2- Bölge Adliye Mahkemesi karar tarihi olan 04.10.2018 itibariyle Bölge Adliye Mahkemesi temyiz kesinlik sınırı 47.530,00 TL olup, bu meblağın altında kalan hükümler, 6100 sayılı HMK’nın 362/1-a bendi uyarınca kesin niteliktedir. Davalı tarafın temyiz itirazına konu ettiği tutarın 40.082,00 TL olduğu gözetildiğinde, davalı vekilinin temyiz isteminin temyiz sınırının altında kaldığı anlaşılmakla davalı vekilinin temyiz isteminin reddine karar verilmesi gerekmiştir.

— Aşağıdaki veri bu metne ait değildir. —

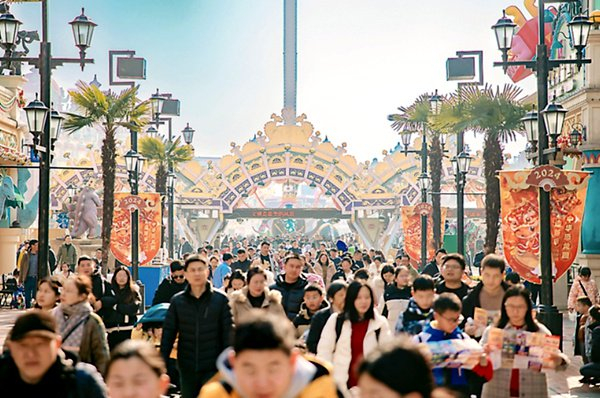 无中生有恐龙带火一座城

SONUÇ: Yukarıda (1) numaralı bentte açıklanan nedenlerle, davacı vekilinin maddi hatanın düzeltilmesi isteminin kabulü ile Dairemizin 19.12.2019 tarihli ve 2018/5669 E., 2019/8340 K. sayılı ilamının KALDIRILMASINA, (2) numaralı bentte açıklanan nedenlerle davalı vekilinin temyiz isteminin REDDİNE, 17/06/2020 tarihinde oybirliğiyle karar verildi.